Entries taken from a collection
§ §
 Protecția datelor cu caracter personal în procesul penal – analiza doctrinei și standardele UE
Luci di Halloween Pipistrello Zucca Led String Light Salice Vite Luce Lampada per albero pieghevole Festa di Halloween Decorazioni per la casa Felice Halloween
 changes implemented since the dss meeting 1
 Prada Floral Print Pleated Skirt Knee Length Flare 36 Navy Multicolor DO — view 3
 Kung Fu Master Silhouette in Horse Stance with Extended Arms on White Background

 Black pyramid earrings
§ §
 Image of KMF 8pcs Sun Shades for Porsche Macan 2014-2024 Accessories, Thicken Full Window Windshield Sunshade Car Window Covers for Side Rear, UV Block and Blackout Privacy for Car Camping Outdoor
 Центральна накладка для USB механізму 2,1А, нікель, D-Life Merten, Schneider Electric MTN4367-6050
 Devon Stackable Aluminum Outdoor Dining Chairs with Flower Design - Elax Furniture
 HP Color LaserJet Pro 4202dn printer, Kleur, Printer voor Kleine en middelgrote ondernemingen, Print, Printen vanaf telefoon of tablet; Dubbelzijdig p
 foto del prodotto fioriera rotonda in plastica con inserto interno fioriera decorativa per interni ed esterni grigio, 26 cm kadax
§ §
From the records above, quote only the lines running from the line with "Kung Fu Master" to the line with "Black pyramid earrings", both lines included.

» ANSWER SPACE
 Kung Fu Master Silhouette in Horse Stance with Extended Arms on White Background

 Black pyramid earrings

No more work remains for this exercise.